Keywords

1 Introduction

Face recognition is the most effective technique and one of the most widely used biometrics for identifying and verifying people compared to voice, fingerprints, iris, retina, eye scanner, gait, ear and hand geometry [1]. However, face images suffer from several issues that could affect the achieved results, especially in an unconstrained environment. Such as facial expression, aging, accessories or even occlusion, low resolution, noise, illumination and pose variation [2]. Recently, several deep learning based face recognition methods was proposed [38]. These methods offer promising results in controlled environments. However, these results significantly decrease in real life scenarios.

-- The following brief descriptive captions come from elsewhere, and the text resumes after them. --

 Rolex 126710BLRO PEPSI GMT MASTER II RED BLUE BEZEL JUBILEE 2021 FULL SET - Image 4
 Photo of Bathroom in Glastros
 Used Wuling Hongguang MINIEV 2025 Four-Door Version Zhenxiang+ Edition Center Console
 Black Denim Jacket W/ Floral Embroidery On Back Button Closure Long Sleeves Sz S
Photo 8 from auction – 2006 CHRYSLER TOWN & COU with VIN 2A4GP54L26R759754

In order to enhance face recognition results under these issues, two alternatives are offered. Face frontalization or robust face feature extraction. Face frontalization aim to produce a new face image, neutral and frontal, from the original image [3]. While robust face feature extraction extract a discriminative face representation using one or various face feature extractors. Nevertheless, these technique seems to be highly complex as the learning process requires a considerable amount of time and a large dataset for training [39].

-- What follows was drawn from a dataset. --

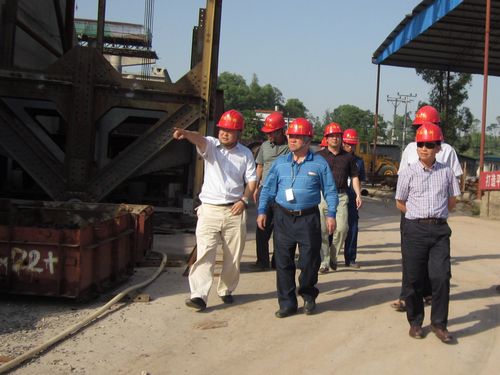 郑皆连院士一行莅临泸渝2标波司登大桥指导事情 - 企业要闻 - 拉斯维加斯3133cc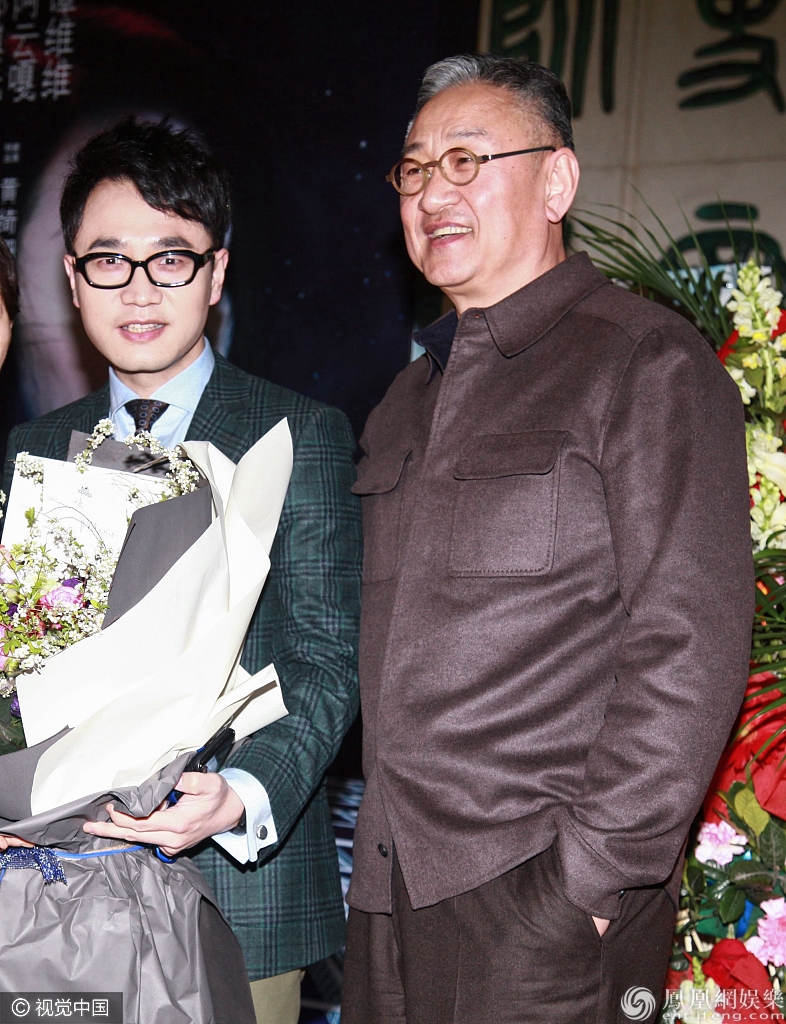 宋丹丹站台王铮亮音乐剧送花又送抱 罕见携老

For this purpose, we propose to use both face feature extraction and deep learning techniques in order to build a robust face recognition system. For this aim, we propose to use shape model and texture descriptor to obtain a robust face feature descriptor against facial expression, pose and illumination. Afterwards, we train a Convolution Neural Network (CNN) model for efficient facial recognition.

2 Related Works

Many face recognition algorithms still face difficulties when it comes to identify faces in large pose face images. These challenges have become a key factor that limit the effectiveness of face recognition in unrestricted environments [40].

Several techniques are used in order to enhance face recognition results. In this work, we focus on multi-modal 2D/3D and deep learning based methods. The multi modal techniques take benefit of the 3D face texture and the 2D face image descriptors to improve the recognition rate by considering the 3D face modeling as an intermediate step for 2D face recognition.

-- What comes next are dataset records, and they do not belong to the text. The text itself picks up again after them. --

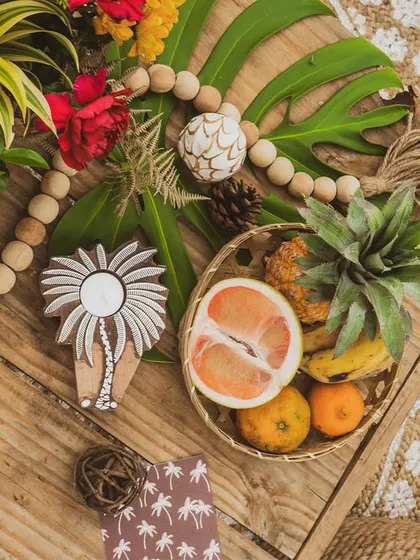 A tabletop detail from our Mauritius event, featuring local tropical fruits like pineapple and grapefruit alongside handcrafted decor.
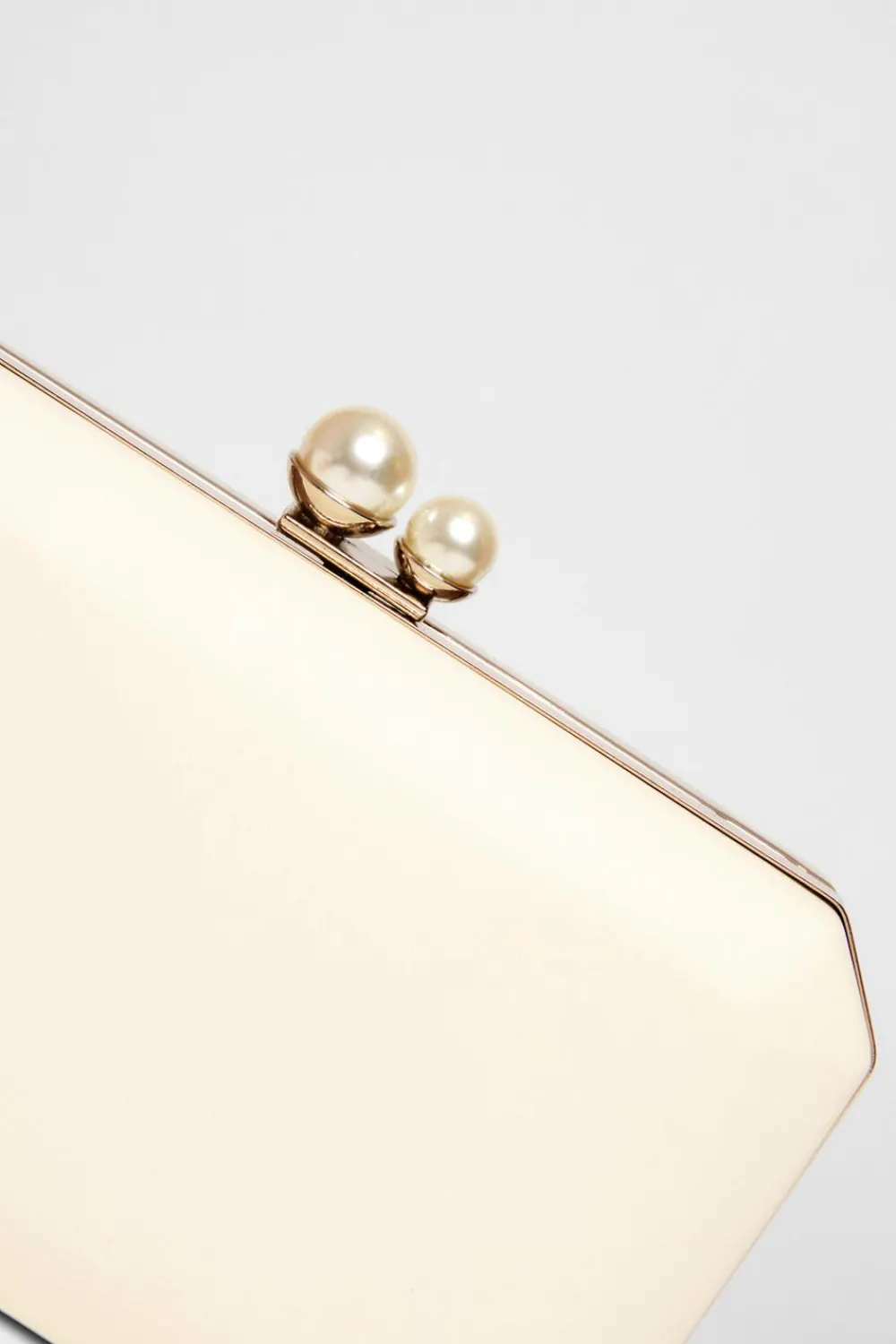 Quiz Wedding Accessories|Bride To Be>Bridal White Pearl Clasp Box Bag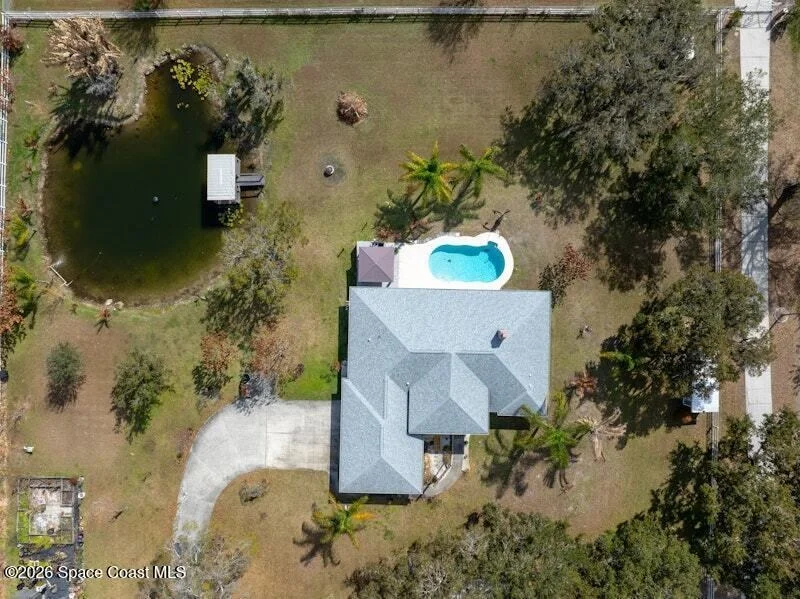 Photo of 3375 Hield Road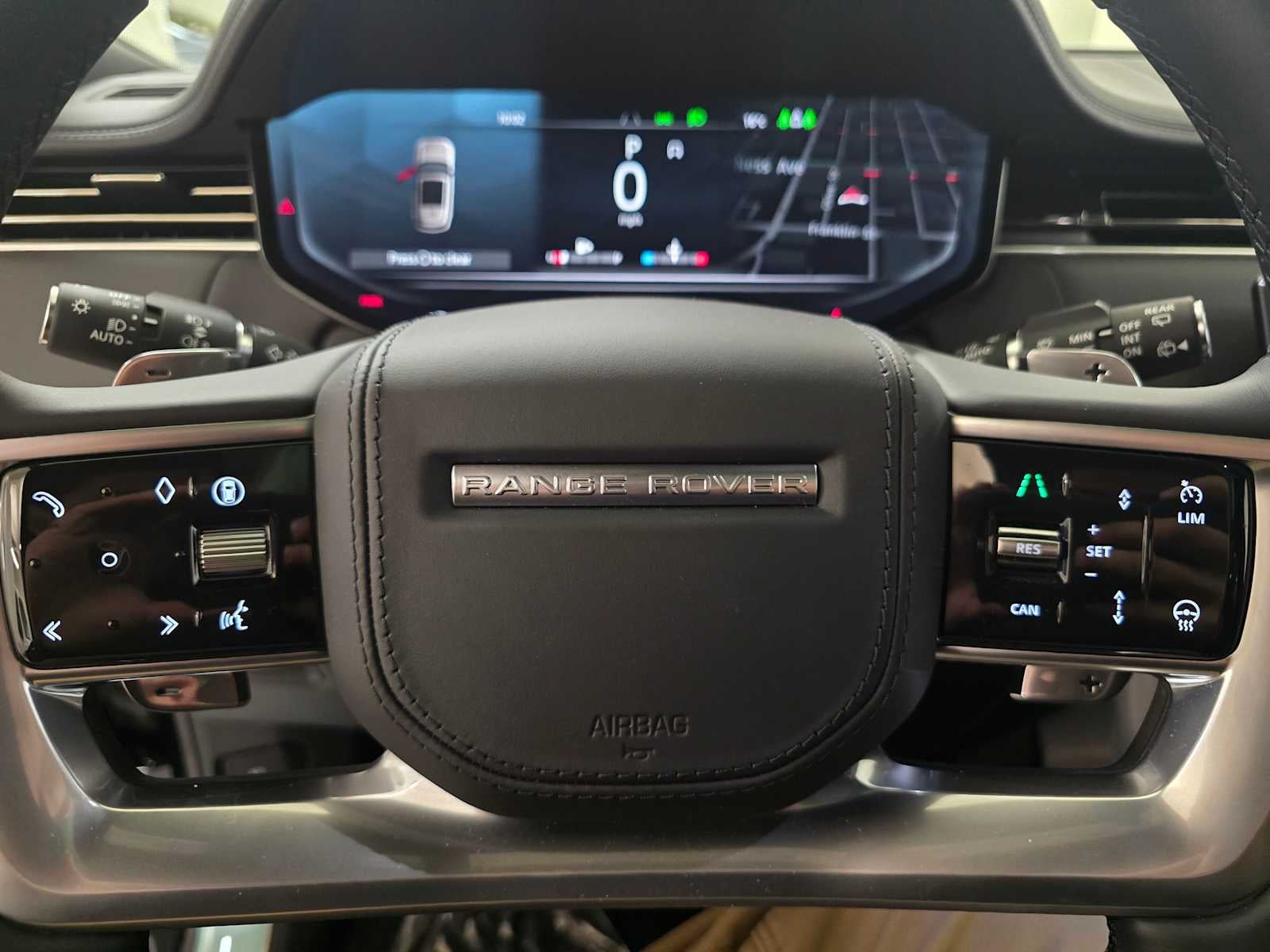 2026 Land Rover Range Rover SV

To deal with facial expressions issues, Abbad et al. [25] propose a 3D face recognition system based on feature extraction using geometric and local shape descriptors. Deng et al. [27] employed different features extraction based on local covariance operators. Zhang et.al [26] propose a data-free method for 3D face recognition using generated data from Gaussian Process Morphable Models (GPMM). Recently, Koppen et al. [31] propose a Gaussian mixture 3D morphable face model (GM-3DMM) that models the global population as a mixture of Gaussian subpopulations, each with its own mean, with shared covariance. These models are is constructed using Caucasian, Chinese and African 3D face data.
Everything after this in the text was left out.